もちろん、時間を大切にしている人はたくさんいる。本当に忙しくて時間のない人もあるし、残り時間が少なくてあせっている人もある。私などヒマな時代には、新聞や雑誌をめくっていては「読書欄」に、いろいろな新刊本が紹介されているのを見ると、
「あんな記事読んで本を買いに行く人の気が知れない。僕なら自分で本屋に行って店頭でよくたしかめてから買うのに」
と思ったものであった。しかし、最近のように本屋に行くのにも時間を探すほど忙しくなると、ようやく「読書欄」の存在価値を認めるようになり、
「あらかじめ本の内容をある程度、知ったうえで、面白そうな本を短い時間に買い求められるのは助かるなあ」
と思うようになった。といっても、推薦する人が誰であってもよいというわけではない。まず自分がこの人は信頼できるとひそかに思っている人でなければならない。だから、書評欄に書評をしている人の名前も、はっきリと書いてあるのが親切というものだろう。
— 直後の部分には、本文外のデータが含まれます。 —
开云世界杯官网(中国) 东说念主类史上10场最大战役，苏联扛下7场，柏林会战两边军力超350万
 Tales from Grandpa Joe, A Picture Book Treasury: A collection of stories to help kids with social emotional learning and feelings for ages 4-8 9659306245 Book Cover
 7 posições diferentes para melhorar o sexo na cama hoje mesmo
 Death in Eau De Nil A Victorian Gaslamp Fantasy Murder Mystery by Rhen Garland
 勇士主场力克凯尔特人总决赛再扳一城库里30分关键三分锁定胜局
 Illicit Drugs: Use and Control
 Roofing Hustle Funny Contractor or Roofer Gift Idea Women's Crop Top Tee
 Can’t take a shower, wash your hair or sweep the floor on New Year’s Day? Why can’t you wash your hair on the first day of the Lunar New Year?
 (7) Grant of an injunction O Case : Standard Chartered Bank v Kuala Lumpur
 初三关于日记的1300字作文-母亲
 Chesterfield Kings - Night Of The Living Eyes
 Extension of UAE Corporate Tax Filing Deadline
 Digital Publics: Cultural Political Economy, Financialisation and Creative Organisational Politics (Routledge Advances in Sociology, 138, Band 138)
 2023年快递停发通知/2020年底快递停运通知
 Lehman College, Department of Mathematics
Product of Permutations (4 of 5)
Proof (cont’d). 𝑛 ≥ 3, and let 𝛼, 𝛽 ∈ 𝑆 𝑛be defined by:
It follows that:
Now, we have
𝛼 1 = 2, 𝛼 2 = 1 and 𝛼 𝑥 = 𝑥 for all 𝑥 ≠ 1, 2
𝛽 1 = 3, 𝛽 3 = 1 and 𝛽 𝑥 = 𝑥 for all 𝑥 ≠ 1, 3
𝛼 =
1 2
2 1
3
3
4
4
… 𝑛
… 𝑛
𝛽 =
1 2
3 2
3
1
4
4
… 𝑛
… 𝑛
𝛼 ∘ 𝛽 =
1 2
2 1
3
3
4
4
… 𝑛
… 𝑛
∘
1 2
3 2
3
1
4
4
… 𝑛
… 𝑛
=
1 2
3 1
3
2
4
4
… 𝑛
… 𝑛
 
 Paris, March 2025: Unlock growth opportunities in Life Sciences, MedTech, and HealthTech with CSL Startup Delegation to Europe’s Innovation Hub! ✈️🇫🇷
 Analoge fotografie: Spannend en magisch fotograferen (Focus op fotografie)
ついでに申せば、今よりもっと貧しかった時は、途中まで読んで捨ててしまうのはもったいないと思っていたので、本屋の店頭で目次をめくったり、後書きを読んだり、何度も確かめてから、これにしようと決心して本を買った。しかし、いまでは目にとまった本なら少しどうかなと思うものでもとにかく買うことにし、途中まで読んで投げることになっても、無駄遣いをしたなとは後悔しなくなった。本を十冊や二十冊まとめて買っても、酒場に一回行くよりもずっと安上がりだし、さっさと買ったほうが時間の節約にもなるからである。もっとも上下二冊以上になっている本は、なるべく一冊目だけ先に買うように心がけている。ある時、有名なベストセラーズの本を上下巻まとめて買ったところ、一冊目を二十〜三十頁読んだだけで投げ出したことがあった。以来無駄は無駄でも、一頁も読まないで捨てる無駄は繰り返したくないと思うようになったのである。